Top of Provided information
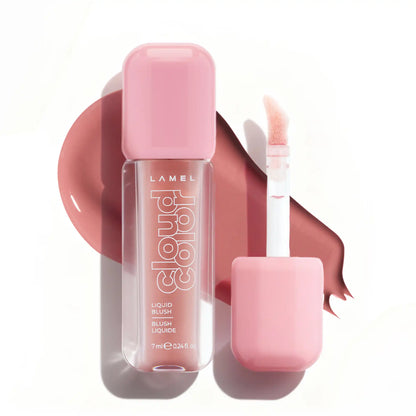 Cloud Color Lightweight Liquid Blush - Soft peach 02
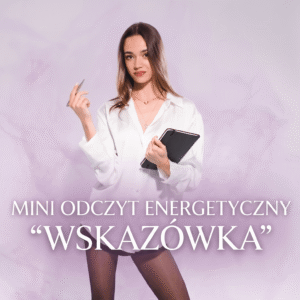Mini odczyt energetyczny "WSKAZÓWKA"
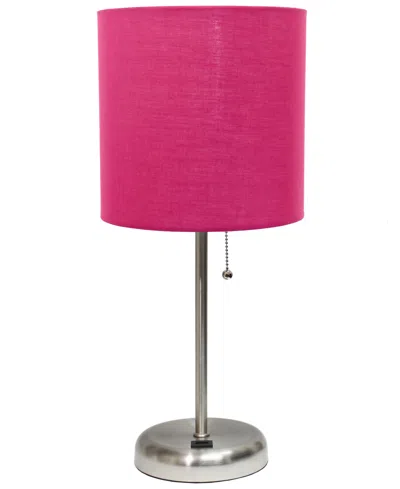 Limelights Stick Lamp With Usb Charging Port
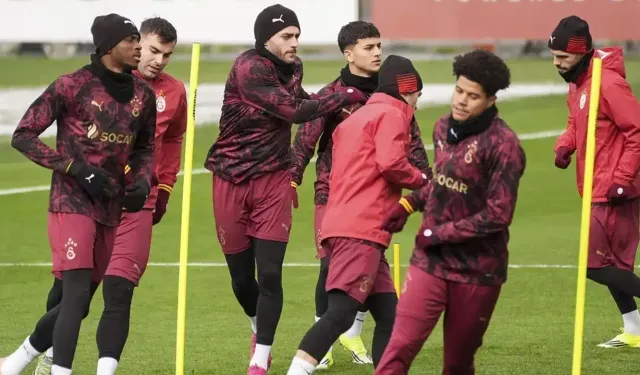Galatasaray, Atletico Madrid maçına hazır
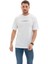 Erkek Frank Oversize Beyaz T-Shirt 1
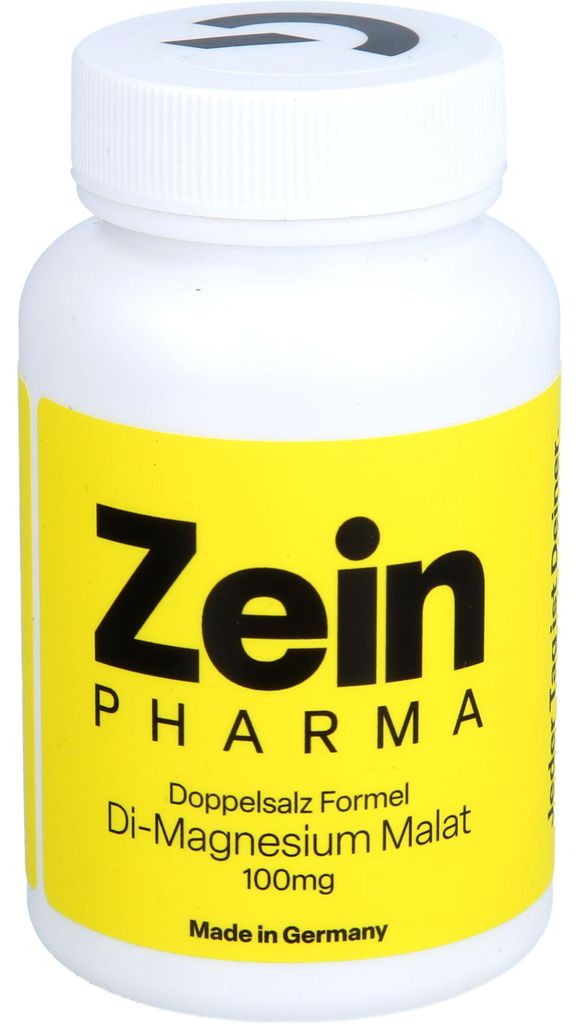 ZeinPharma Di-Magnesio Malato, 100 mg, capsule, 60 capsule Immagine del prodotto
Bottom of Provided information
[Work instruction] Only an exact, picture-free copy of the entries counts as the answer.

[Exercise output]
 Cloud Color Lightweight Liquid Blush - Soft peach 02
Mini odczyt energetyczny "WSKAZÓWKA"
 Limelights Stick Lamp With Usb Charging Port
Galatasaray, Atletico Madrid maçına hazır
 Erkek Frank Oversize Beyaz T-Shirt 1
 ZeinPharma Di-Magnesio Malato, 100 mg, capsule, 60 capsule Immagine del prodotto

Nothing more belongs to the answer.